Thursday, February 21st, 2008

On IRC, I told Pia, that I enjoyed the Beijing SFD tremendously, and they should definitely win for 2007. I did make a note that if it was required, I would blog about it… She mentioned that it probably wouldn’t matter, because they were a contender already. Nonetheless, I figured that eventually I’d blog about it - turns out its come many months later, generally inspired by Peter Junge’s blog post. Lucky for me, all this isn’t just coming off from memory, but my trip report, that was on an internal mailing list!

First up, some quick resources: the winning report, photos, including the ones from the speaker dinner, held after the event, and the winning announcement. Granted, it was one of three events that won, but I’m happy and proud to have been associated with the Beijing event!

I had 20 minutes in total to get the message across, and there were always interesting questions that required entertaining. So my talk was entitled, Growing with MySQL. The slides themselves are pretty sparse, and I had my talk simultaneously translated (good thing I had some practice in Japan, beforehand), so all in all, I had less time to get my message across.

However, the room was full, and it was one of those amazing standing room audiences that I so always like to see. In actuality, with questions, I overran, and gave a 30 minute talk, with generally no objections from the audience (or organisers).

Attendance at the event, in total, must have been about 700-800 folk. There were 500 showbags, and they were all finished by lunchtime. I caught up with Lalo (ex-Exoweb colleague), who handed me a nice pink Software Freedom Day t-shirt.

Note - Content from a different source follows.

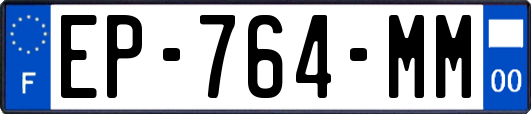 EP-764-MM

Lets just say, you’ve got to be sure of your masculinity, before putting it on :)

I fielded some interesting questions, and the usual “How come Enterprise sources aren’t available if you don’t pay? How is that freedom?” of questions, to which I always honestly inform the questioner, that you’d get it at the BitKeeper source tree, available online.

During the event, I continually did plug, a MySQL Partner in China, Great Open Source, mainly because they were my excellent hosts, and they’re the focal point for all things MySQL in Beijing. The crowd was always interested in hearing that MySQL had a Cluster Team, that worked out of the Great Open Source offices, and I also mentioned a Summer of Code 2007 student, Jin Chen, who’s Chinese in origin, but is in Canada completing her studies at the moment,

The university that hosted us? Tsinghua University. This university is apparently ranked number one in China, though there’s a continuing battle with Peking University for the coveted spot.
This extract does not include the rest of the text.